Please copy the data below exactly, from its first line through the line holding "Combo Phiếu Bài", and skip the pictures.

» Data to process:
##########
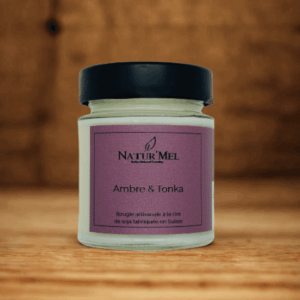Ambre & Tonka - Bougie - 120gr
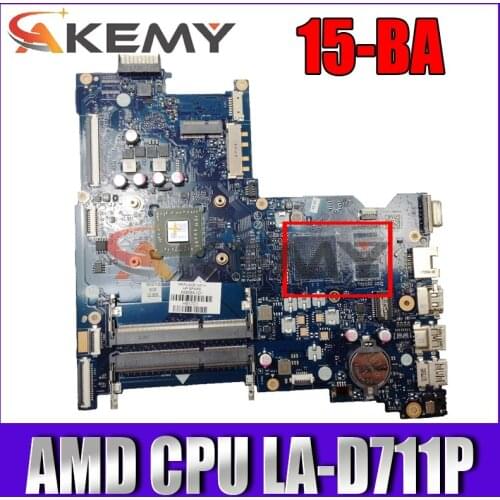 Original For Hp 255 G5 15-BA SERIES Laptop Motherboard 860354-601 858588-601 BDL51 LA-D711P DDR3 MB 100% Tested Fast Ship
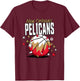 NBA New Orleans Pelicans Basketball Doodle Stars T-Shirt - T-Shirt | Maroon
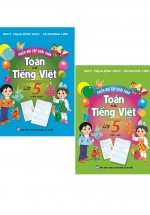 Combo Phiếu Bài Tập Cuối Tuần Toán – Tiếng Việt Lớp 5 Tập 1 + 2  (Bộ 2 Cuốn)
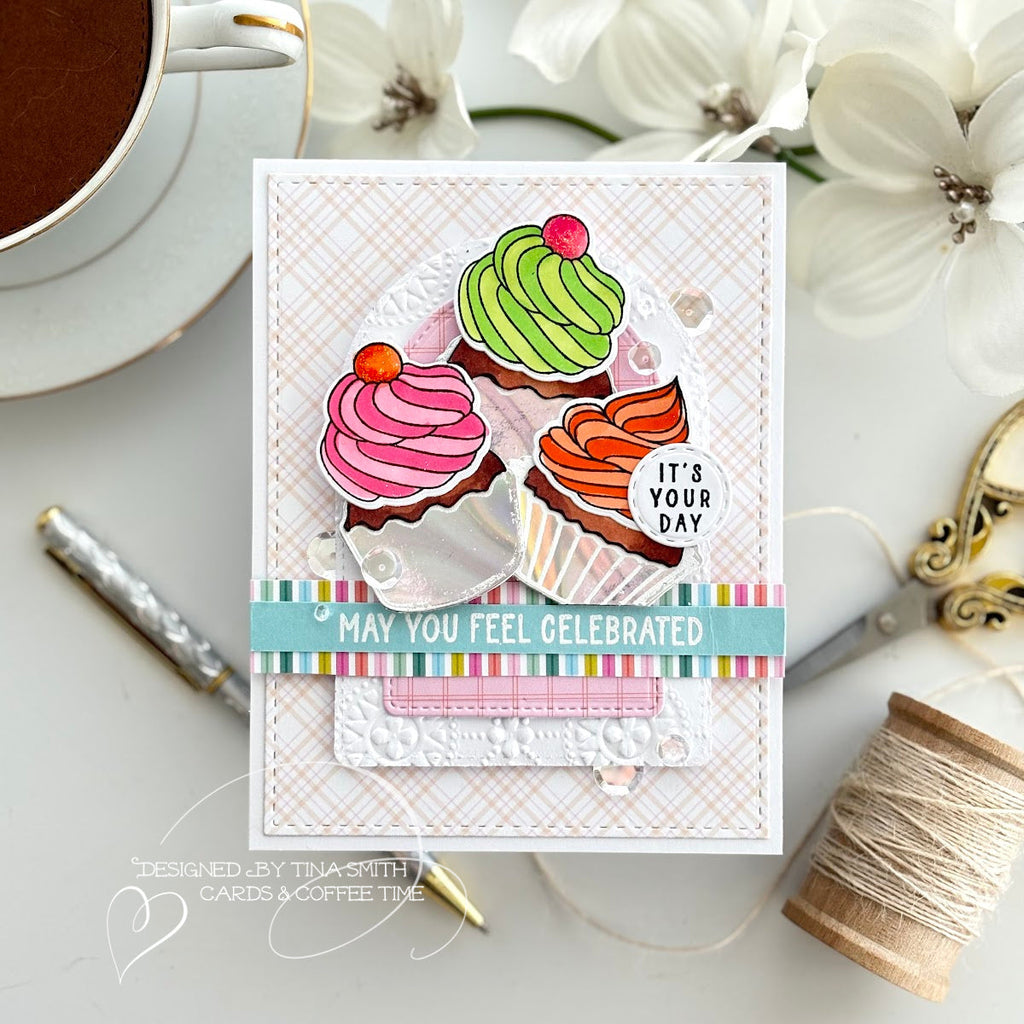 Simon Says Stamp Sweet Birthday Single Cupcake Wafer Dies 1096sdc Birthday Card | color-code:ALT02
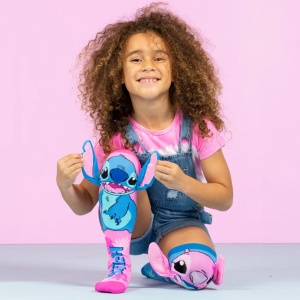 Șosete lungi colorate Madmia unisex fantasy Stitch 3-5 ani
##########
» Answer below:
Ambre & Tonka - Bougie - 120gr
 Original For Hp 255 G5 15-BA SERIES Laptop Motherboard 860354-601 858588-601 BDL51 LA-D711P DDR3 MB 100% Tested Fast Ship
 NBA New Orleans Pelicans Basketball Doodle Stars T-Shirt - T-Shirt | Maroon
 Combo Phiếu Bài Tập Cuối Tuần Toán – Tiếng Việt Lớp 5 Tập 1 + 2  (Bộ 2 Cuốn)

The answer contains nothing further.